The writeable overlay

The writeable overlay in the container is known to be a bit slow sometimes. Thus, we have seen tests failing because they exceed some timeout (e.g. this issue).

To investigate if the writeable overlay is somehow the issue, you can make sure the installation gets done somewhere else, e.g. in the temporary directory in /tmp that you created as workdir. To do this, set

export EASYBUILD_INSTALLPATH=${WORKDIR}

after the step in which you have sourced the configure_easybuild script.
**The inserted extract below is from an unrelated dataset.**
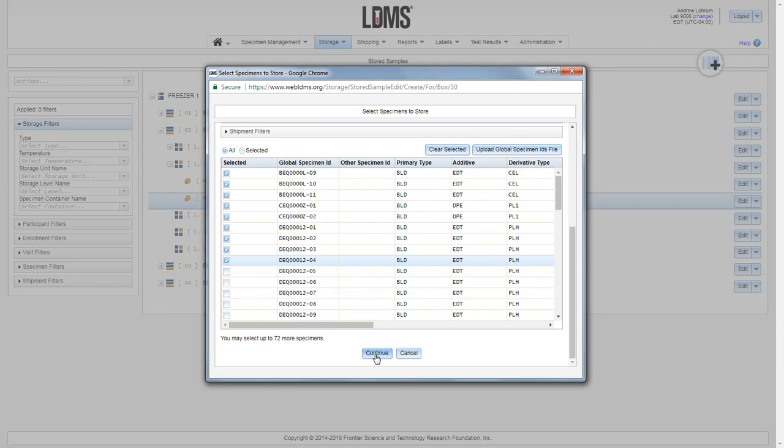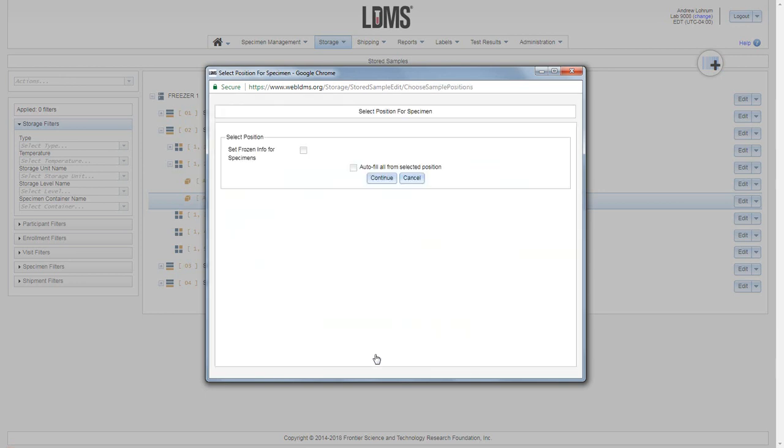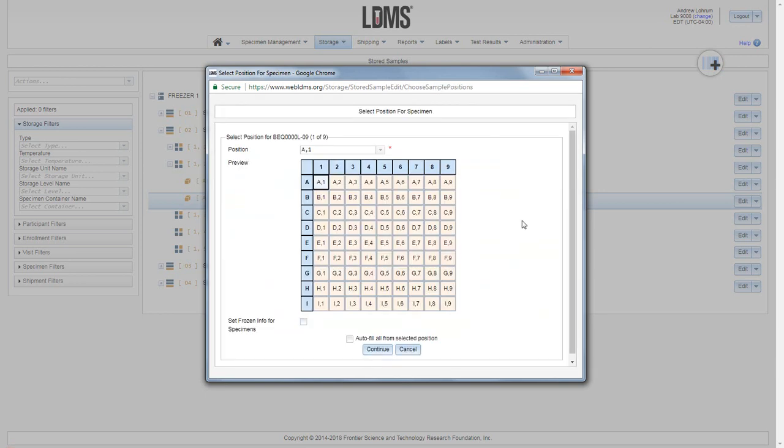Once you have selected all of your specimens you wish to add at this time, click continue and then you will assign them a position within the container. A 2D representation of the container is in the center of the menu.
Note that in order to find (with module av) any modules that get installed here, you will need to add this path to the MODULEPATH:

module use ${EASYBUILD_INSTALLPATH}/modules/all

Then, retry building the software (as described above). If the build now succeeds, you know that indeed the writeable overlay caused the issue. We have to build in this writeable overlay when we do real deployments. Thus, if you hit such a timeout, try to see if you can (temporarily) modify the timeout value in the test so that it passes.